Kazuma Azuma (his name sounds like it comes from a Japanese roadshow of Guys And Dolls), the hero of Takashi Hashiguchi's Yakitate!! Japan (Viz), is a lad with a mission. A sixteen-year-old wannabe baker blessed with "hands of the sun" (which is to say: palms warm enough to get yeast fermenting as you knead the bread dough), Kazuma dreams of one day creating a bread that will represent his native country – much like French or Italian breads recall their countries of origin.
It's no easy task, though, since bread is not considered a primary food source in his country. To some old-timers, in fact, like Kazuma's grandpa, the eating of bread has unhappy connotations. It connects to the hard rolls and crackers handed out as food by American soldiers in occupied Japan: it is, in other words, the taste of defeat. "Little fool!" he shouts, "we're rice farmers! You want us to eat bread? Westernized idiot!!" Clearly, our hero has some major cultural hurdles to get over.

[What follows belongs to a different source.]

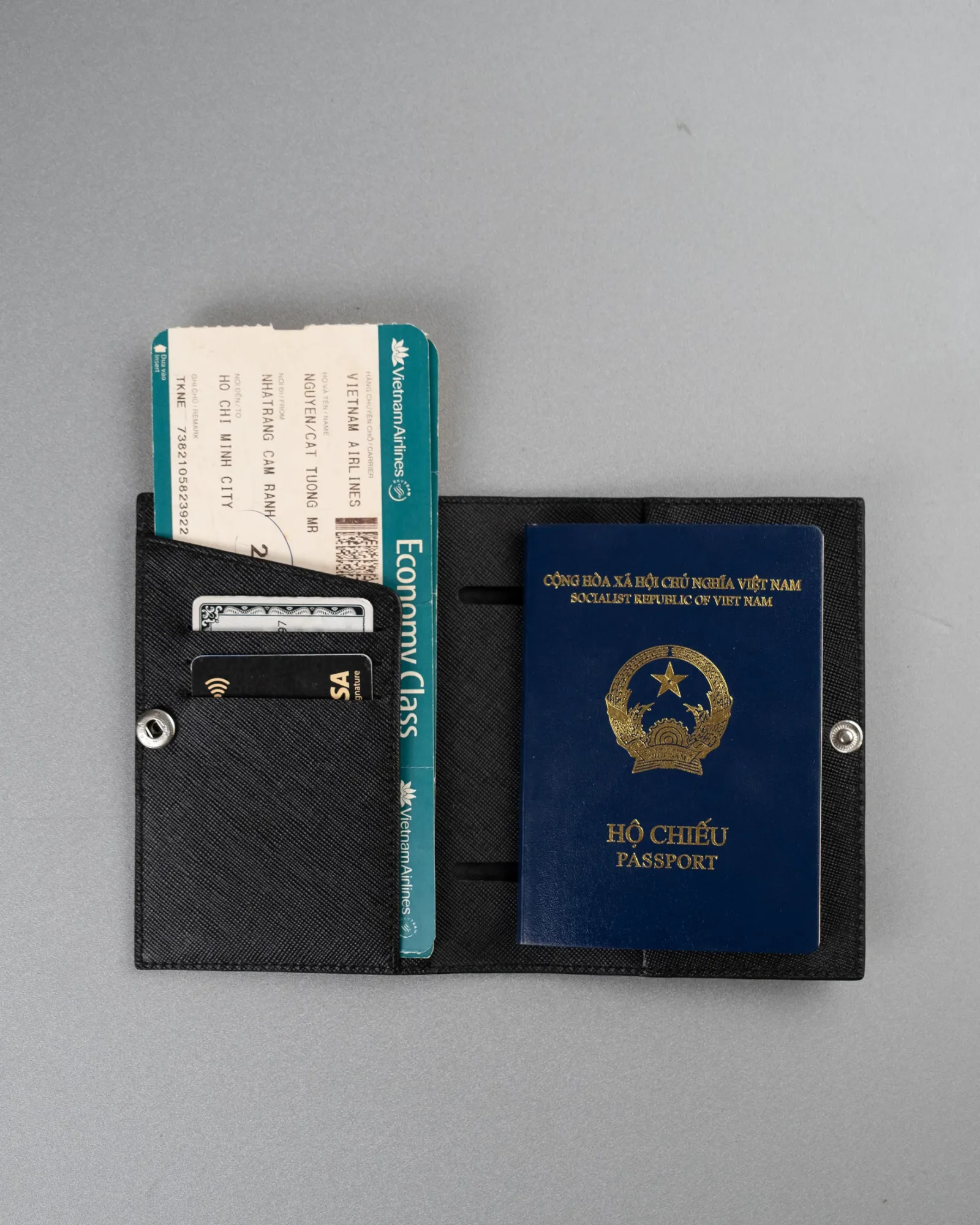 Ảnh Studio Passport - Koi Leather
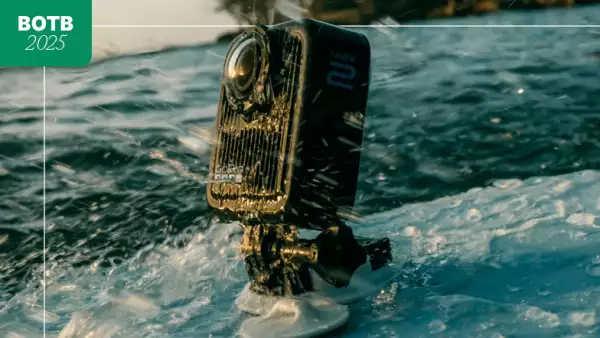 Foto de una cámara GoPro sumergida en agua de mar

Country boy Kazuma heads to the city after ten years of trial-and-error attempts at creating Ja-Pan ("pan" being the Japanese word for bread, while "yakitate" apparently translates as "freshly baked"), a bread so good that it will make Japanese diners forget rice. With no formal training and even less school-learning, he applies for a job at Pantasia, the best-known bakery chain in the country, only to learn once he arrives that he has to compete in a contest for the one position available in the company's main Tokyo store.
Like Shinji Saiyjo's Iron Wok Jan!, the prime action in volume one is in a cooking contest, though hero Kazuma is nowhere near as arrogantly obnoxious as the hyper-competitive Jan. He's more a naive lad with a single obsessive mission and a tendency to speak without filtering.
Through the course of the competition, we meet Kawachi, another country boy with dreams of making it to Pantasia's main store, though with much less scruples than Kazume (he is not, for example, above tripping our hero with a rolling pin to make him drop his kneaded bread dough), and Sadanao Asuzagawi, the granddaughter of Pantasia's owner. Both Sadanao and her grandfather recognize the potential within the largely untutored Kazuma; in one particularly telling moment the young girl briefly holds our hero's hand and afterwards licks her own palm yearningly. Can't say I've ever seen that particular moment in a manga romance before.